### Task to complete
At the line containing "марихуана Волгодонск", begin an exact copy of the lines below and continue through the final one, with no pictures.

### Data segment
────────────────

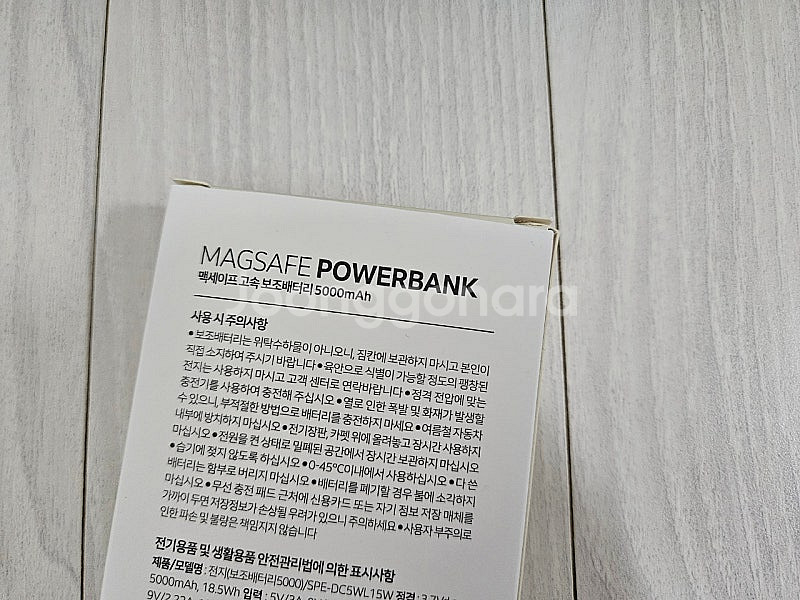 변우석 맥세이프 고속 보조배터리 5000 새제품--2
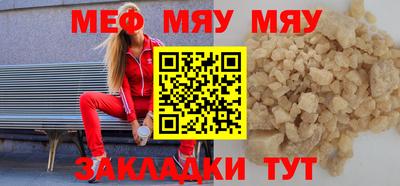 марихуана Волгодонск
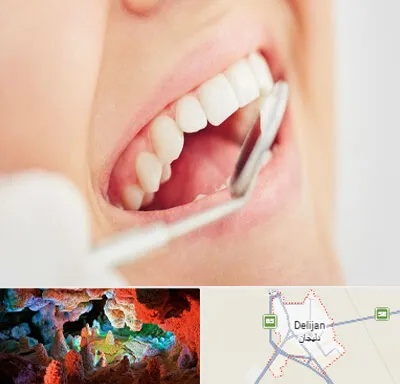 اصلاح طرح لبخند در دلیجان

────────────────

### Exercise output
 марихуана Волгодонск
 اصلاح طرح لبخند در دلیجان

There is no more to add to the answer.